In his early seventies, Samuel Beckett composed an enigmatic, hauntingly beautiful prose text, "Company," in which an old man lying on his back alone in the dark is spoken to by a ghostly, unrelenting voice he can neither verify nor name. At times speaking in the third person, the voice describes the figure's tormented confinement in the present; at other moments, using second person, he narrates striking scenes from the old man's boyhood and adolescence (a past very much like Beckett's own). Also acknowledged is a first person voice that remains significantly absent - the pronoun which the old man desperately wishes to use, but can't.

The third person voice is refined and subtle, almost fanatical in his delineations of the old man's constricted physical situation and ongoing mental processes - what he calls "unformulable gropings of the mind. Unstillable." But he is also a master of the comedy inherent in the scrupulous discrimination of baffled perceptions. "Confusion too is company," he says, "up to a point." Unlike the astringent perceptions of the third person voice, the vignettes of the past offered in the second person are more like those by a fine lyric poet with exquisite powers of observation - a kind of muted Wordsworth, some of whose meditative descriptions of the past mix yearning and reverence with a powerful apprehension of unease and mystery. In these crystalline scenes, the voice describes the boy's birth, his walking with his mother, jumping from a tree, joining his father at a bathing place, inadvertently killing a hedgehog he meant to rescue, and sitting in a summer house waiting to meet a woman he has made pregnant and will never marry. As this perplexing yet intensely gripping narrative proceeds, it becomes apparent that the voice (in its different grammatical forms and tonalities) has been devised by the listener for company: "the fable of one fabling of one with you in the dark." Thus the story evolves into a drama that is clearly taking place inside the old man's head, a struggle about the voice-tormented fabulist's need and obligation to imagine, as well as his anguished awareness of waning powers and an inability to connect to the past. And yet he never stops "devising it all for company." Marvelously (as Beckett put it in another late text): "Imagination at wit's end spreads it sad wings."

On Thursday, Friday and Saturday last week, the renowned New York theater group Mabou Mines brought Beckett's densely concentrated interior text to startling physical life on the Adam Memorial Theatre's Downstage.

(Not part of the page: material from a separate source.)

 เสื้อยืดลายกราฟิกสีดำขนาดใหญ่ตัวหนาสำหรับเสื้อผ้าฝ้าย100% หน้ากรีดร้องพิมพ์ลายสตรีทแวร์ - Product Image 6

Set in front of three huge, chalk white satellite dishes (an indelible image of the inside of the old man's skull), a figure in a ragged greatcoat - sitting, standing, walking, crawling, endlessly talking - embodied Beckett's character and spoke voice's words. Frederick Neumann was the man and the voice, conveying the sumptuous grimness of the written text and the suffering, weird humor indomitability depicted in it. Honora Fergusson appeared briefly in a spectral evocation of the woman in the summer house.

Part of the power of Neumann's performance came from his ability to convey both the earthiness and the philosophical implications of Beckett's text. At the heart of "Company" is a heartbreaking sense of sorrow and self-incrimination: sorrow and self-incrimination at the inability of the old man to imagine the figures of the past (mother, father, lover) except as they appear so dimly to the needful self in the present (and in the past); and sorrow and self-incrimination at the failure ever to locate that longed-for first person voice - the idealized voice of subjective selfhood that Beckett had always searched for, while always admitting it to be an illusion.

Brilliantly supporting Neumann's performance were the lighting design and scene painting of the Williams Theater Department's Sabrina Hamilton, who had earlier helped shape the Mabou Mines' staging in New York. Using the grand satellite dishes to reflect light and amplify sound, Hamilton gave Neumann's vocal rendering an increasingly affecting resonance. Through her lighting and use of sound, Neumann's monologue and physical actions on stage in front of us were being vividly mirrored and heard inside the old man's skull and in ours. Original music written for the production by Philip Glass (an ethereal quartet) was also used at interstices in the text to intensify the mood and to give the audience a chance to pause before it returned to respond to the amazing effects of Beckett's words, Neumann's acting and Hamilton's light and sound.